TAMPA -- With more than 100 rockets expected to launch from Florida’s Space Coast this year, the state’s economic outlook is expected to soar over the next decade, particularly in the aerospace industry.
That was one of the main takeaways from the 2023 Florida Supply Chain Summit, held this week in Tampa. The annual gathering attracted over 100 participants and brought together some of the state’s leading supply chain management experts, industry leaders, local and state government representatives, economic development agencies, and academics.
In its fourth year, the summit was held at The Westshore Grand hotel. Leaders from the Monica Wooden Center for Supply Chain Management and Sustainability at the University of South Florida Muma College of Business helped host the summit.
During the summit’s second day, panel discussions focused on ways to shore up the state’s transportation infrastructure — rail, roads, airports, seaports, and spaceports — in order to strengthen supply chain channels and promote Florida as a global trade hub.
Laura DiBella, the Florida Secretary of Commerce and president and CEO of Enterprise Florida, gave the opening remarks.
DiBella heads the economic development arm of the state and emphasized the importance of a strong supply chain network to support the state’s economy, which is ranked No. 15 among the largest economies in the world.
DiBella described the state’s economic future as bright, spurred by a growing number of California companies relocating to Florida.
“Innovation is really driving the bus right now in our state. Aerospace and defense is Florida’s largest industry now. It just surpassed agriculture,” she said. “Space is going to be all of Florida. It will not just be relegated to the Space Coast. More space ports are coming online, so plan on that.”
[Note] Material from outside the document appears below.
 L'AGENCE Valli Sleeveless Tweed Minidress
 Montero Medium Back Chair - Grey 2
DiBella said the state’s space industry will see more than 100 rockets launch this year.
Summit speakers included state transportation and trade officials, supply chain management consultants and business executives, and representatives from airports, railways, spaceports, transportation and seaports.
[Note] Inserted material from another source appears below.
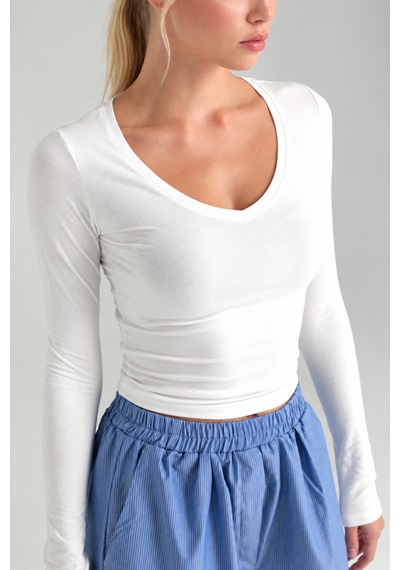Cloudymood Kadın Ultra Soft V Yaka Bluz Günlük Kullanım Kombinlenebilir Ekru - 892430423 Ekru Cloudymood Kadın Ultra Soft V Yaka Bluz Günlük Kullanım Kombinlenebilir Ekru - 892430423 Ekru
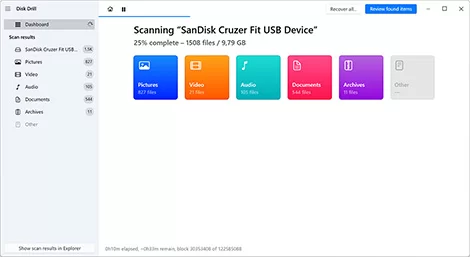 Select Files to Recover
Panel discussions touched on the state’s major economic trends and outlined opportunities for trade and logistics improvement. Among the key points:
- Florida’s growing population and economy. Projections estimate more than 3.5 million additional residents and 100 million additional annual visitors through 2030.
- Manufacturing high-value goods for consumers to offset the trade and truckload imbalance. Truck drivers are delivering goods to Florida consumers but are leaving the state with empty or partially-empty loads.
“We need to make export manufacturing a priority in Florida. It’s not just to fill boxes, it fills bank accounts,” said Doug Davidson, project chair of the Florida Chamber of Commerce’s Trade and Logistics 2030 Study.
In addition, one job in manufacturing supports two additional jobs in a related industry, such as supply chain, retail and finance, he said.
Allen Clifford, the executive vice president at the Mediterranean Shipping Company, said one of Florida’s greatest assets is the young talent graduating from supply chain management programs across the state.
“What Florida offers is more young people,” he said. “The value that younger people bring us is longevity. You need people who can give you longevity. Today, you have some really, really bright young people.”
And the state’s multiple seaports and geographic proximity to South America only adds to the growth potential.
“I see tremendous opportunities to grow,” Clifford said. “You have multiple ports. You have the opportunity to cover the Latin Americas. You can get to and from anywhere from Florida. Florida offers a tremendous opportunity for an ocean transportation company that other places don’t.”